O escritor Hector Bisi, de 53 anos, não esperou a pandemia passar e não quis ser picado pelo bicho do pijama, vendido como último grito de estilo nesses tempos.
Na ponte aérea entre Paris e São Paulo, se divertiu comprando ternos para deixar guardados até que pudesse sair, “porque essa história de novo normal ser moletom, ‘pelamordedeus’, não dá”.
Enquanto trabalhava de casa devidamente trajado com casacos pesados de um dos seus estilistas favoritos, João Pimenta, lançou o livro “Rue des Mauvais Garçons”, ou rua dos meninos malvados, em que, ele diz, resume o estado de letargia de estilo.
O texto trata das disputas entre uma gangue imaginária de dândis que mata quem não se veste de acordo com o padrão deles e uma outra, bondosa, cujo propósito é mandar os “mal vestidos” para um lugar de “elegantização”. “Acho que me visto melhor depois disso.”
Refletindo a respeito do próprio círculo de amigos e da vida de looks suntuosos, a drag queen Salete Campari, uma das damas da noite paulistana, diz que passou “a conhecer de verdade quem são os amigos” quando se viu sem balada e convite VIP para distribuir aos outros.
“Mais do que minha roupa, comecei a trabalhar internamente quem eu não quero quando a pandemia passar. Até o meu vestir mudou nessa descoberta”, reflete, “mais básica”, com máscara transparente e look de oncinha.
A maior dúvida de quem curte uns panos grifados parece ser o limite entre sanar o desejo de vestir looks poderosos ou entrar na corrente da roupa para ficar em casa, que fez a festa do varejo de moda nos últimos anos.
Diretor de comunicação e diversidade da agência Leo Burnett Tailor Made, Jeff Martins, de 32 anos, diz que via muita gente pensando mais em conforto, mas preferiu fazer o caminho inverso pela própria saúde mental.
“Precisava me sentir bem. No geral, acho que todos ficaram mais despreocupados com o que vestir e pudemos pensar mais no próprio conforto. Mas, ao mesmo tempo, caiu por terra aquela ideia de que a seriedade tem a ver com looks sérios. Fazer coisas sérias e ser competente não tem nada a ver com a roupa”, diz, trajado com costume de jacquard.

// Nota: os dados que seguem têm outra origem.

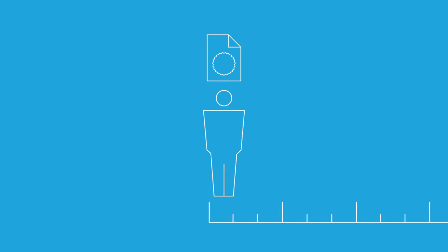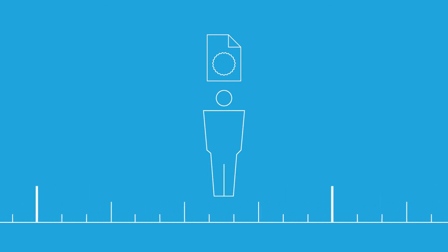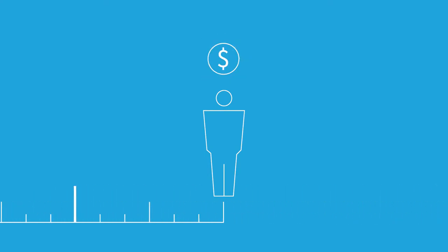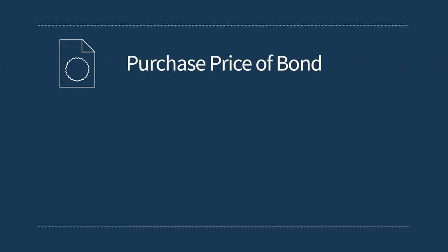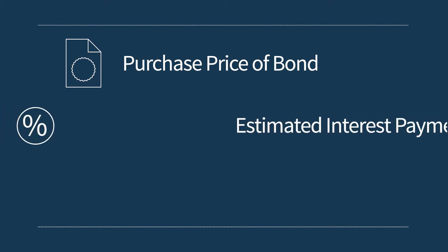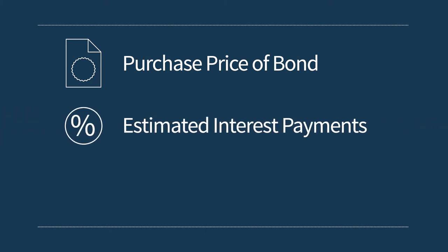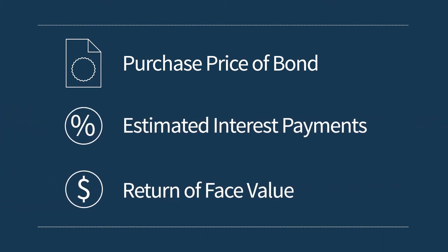The purchase yield or yield to maturity measures the return an investor will receive if they buy and hold the bond to maturity. It takes into account the purchase price of the bond, estimated interest payments over the life of the bond, and the return of face value at maturity.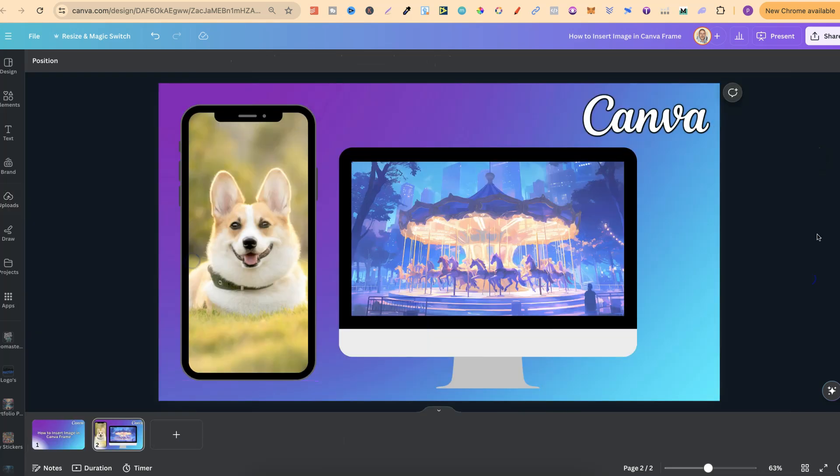That's just how easy it is to insert an image into a Canva frame.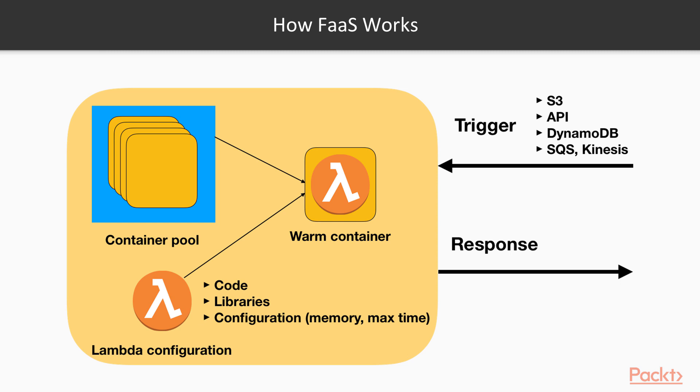Lambda scales automatically, up to 10,000 concurrent executions, so you don't have to worry about that. Also, Lambda pricing is pay-as-you-go, so you only pay for each run of the Lambda and don't pay when it doesn't run.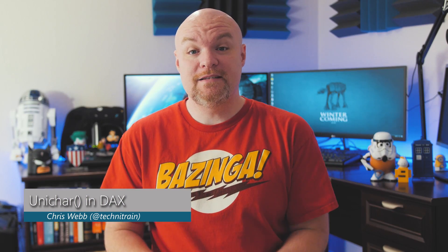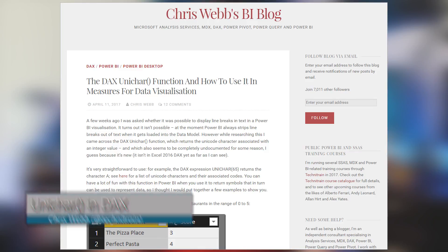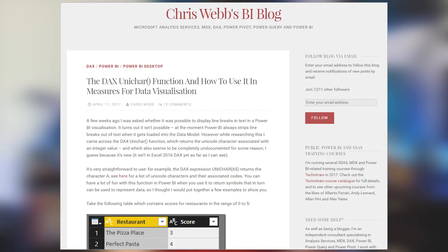Chris Webb had a blog post where he talks about the Unichar function inside of DAX, and I thought this was pretty awesome because basically what you're doing is ASCII art inside of your data — although it's maybe technically Unicode art. This opens up a lot of possibilities in terms of using characters or symbols for your data instead of actual text or numbers, and he's got a few examples showing stars, boxes, lines, things of that nature.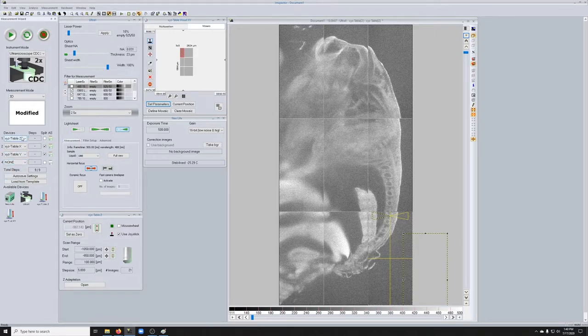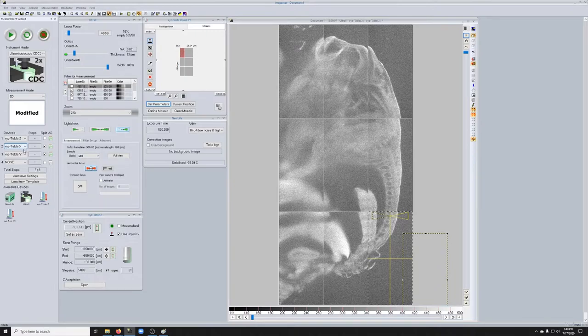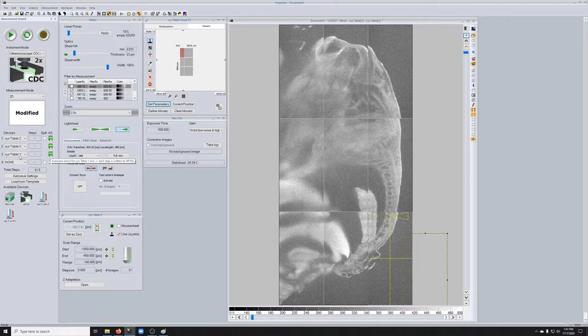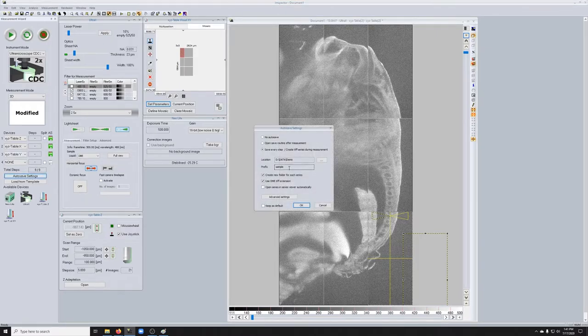So this tells it do a Z stack, then do the X positions, then the Y positions. And you want to click on auto save. So now we're ready to go. We just need to tell it where. I'll call the sample two.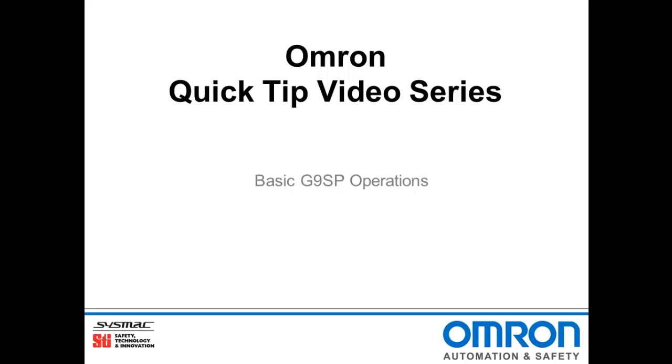Hello and welcome to Omron's quick tip video series. I'm Doug Brown and today I'll be showing you how to build a simple application for the G9SP safety controller.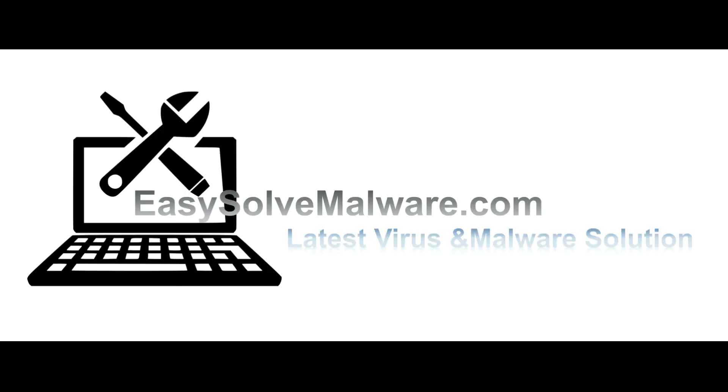That's all. Thank you for watching the video from easy-solve-malware.com. We hope it solved your problem.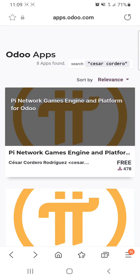Hello Pioneers. Today we'll learn how to create a game or an app based on Latinchain.com, the Latinchain platform, in PyNetwork.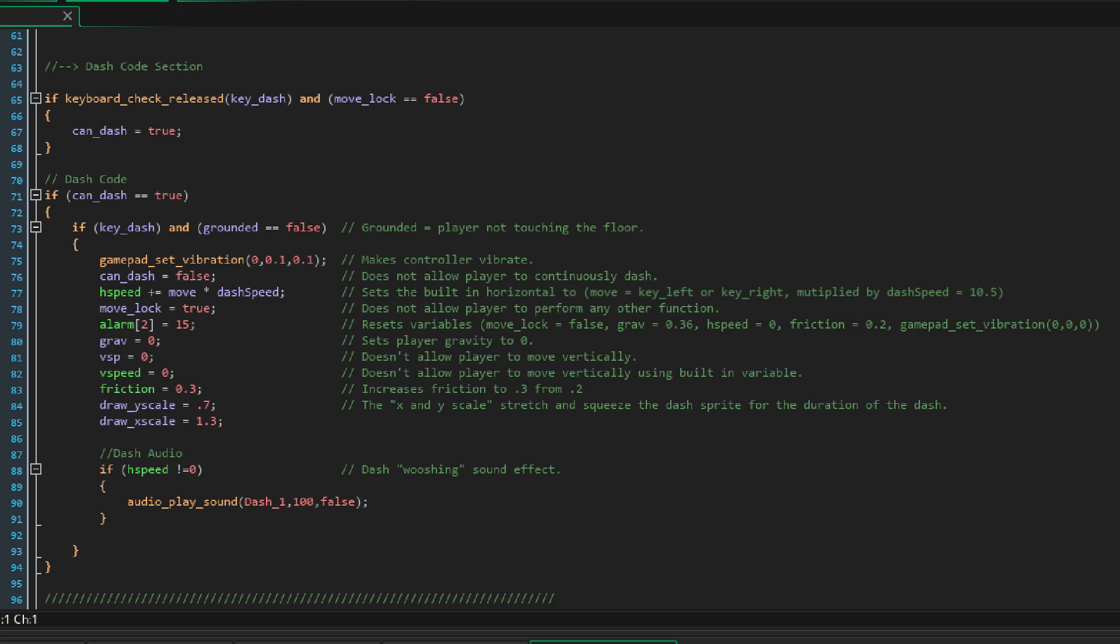Now all this gets reset by this alarm and brings BD back to his normal gameplay state once the dash is complete. In order to have a shorter or longer dash time all you need to do is adjust this number right here up and down. I also have this dash audio that plays when the button is pressed. When it's all said and done you get BD's dash that looks like this.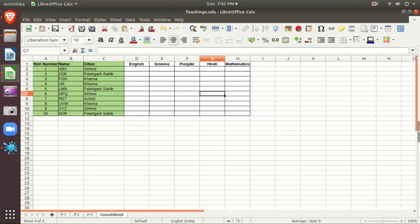Namaskar, my name is Hardiminder. Dear students, in this tutorial video, we will revise data consolidation in spreadsheet. I am using LibreOffice Calc. The same options you can use in OpenOffice Calc also. The functions and everything are the same in both cases.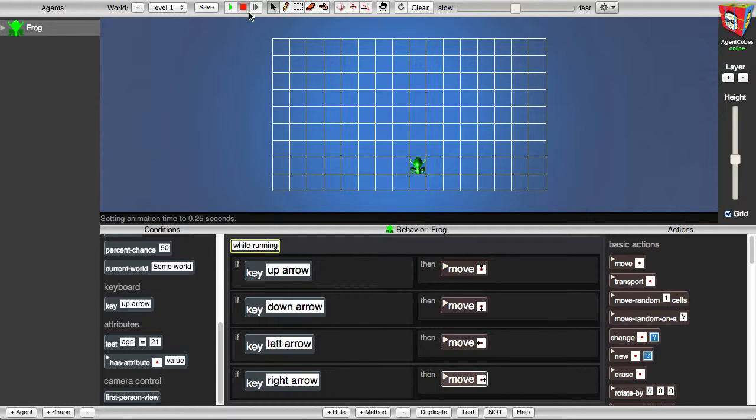And I'll click the Reload button to reload the world and get the frog back where he started.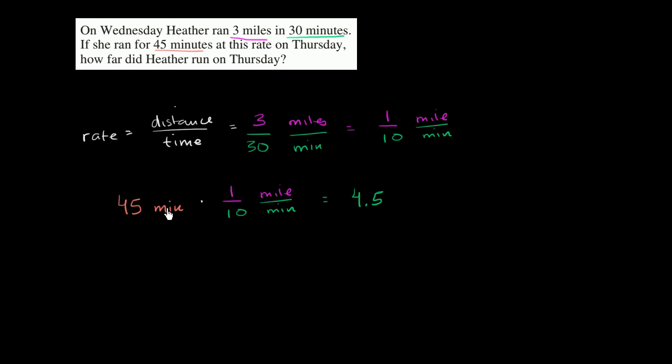And then the minutes cancel out. Minute in the numerator, minute in the denominator. 4.5 miles.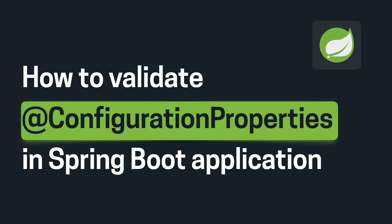Hello and welcome to Techmojo. This is Nilan and today in this video we will see how to validate the configuration properties in Spring Boot Application Startup.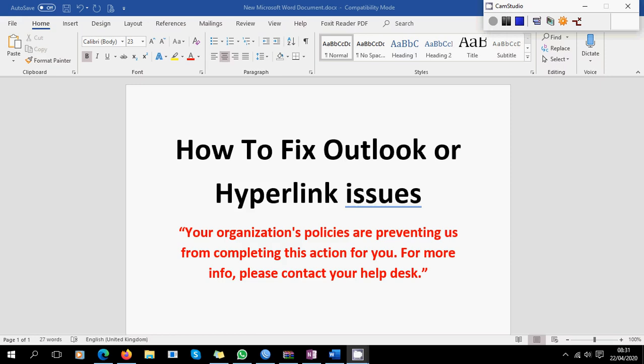Hello guys, I hope you're all well. Here I am today with another video for you. This time I'm going to concentrate on two things for all the people who are experiencing problems with their Outlook or hyperlinks. For example, when you receive an email and click on a hyperlink, it won't open. It will give you the following error: your organization's policies are preventing us from completing the action for you. For more info, please contact your help desk, or similar to that.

Meia maratonista e modelo, o haitiano Jean Woolmay Denson, de 25 anos, crê que, por ora, a pandemia pôs muita gente em looks “oversized”, “porque muita gente ganhou peso e fica querendo disfarçar”. “Uma bobagem. Logo, logo vai estar todo mundo mostrando o corpo”, diz.
A tendência do momento, todos os consultados afirmam, é deixar a imaginação fluir mais uma vez. “Não dá pra ficar com medo do julgamento dos outros. A gente ficou muito tempo preso, sem se ver.”
“Decidi usar tudo estampado, porque o negócio é abusar da criatividade. Qualquer saída agora é um look”, brinca a modelo e tiktoker, nova profissão alçada à fama durante a clausura, Mirella Qualha, de 20 anos.
É que, por mais aberta às diferenças que a moda se apresente, o close, esse parece à prova de qualquer choque cultural e não deve ser sepultado assim tão cedo.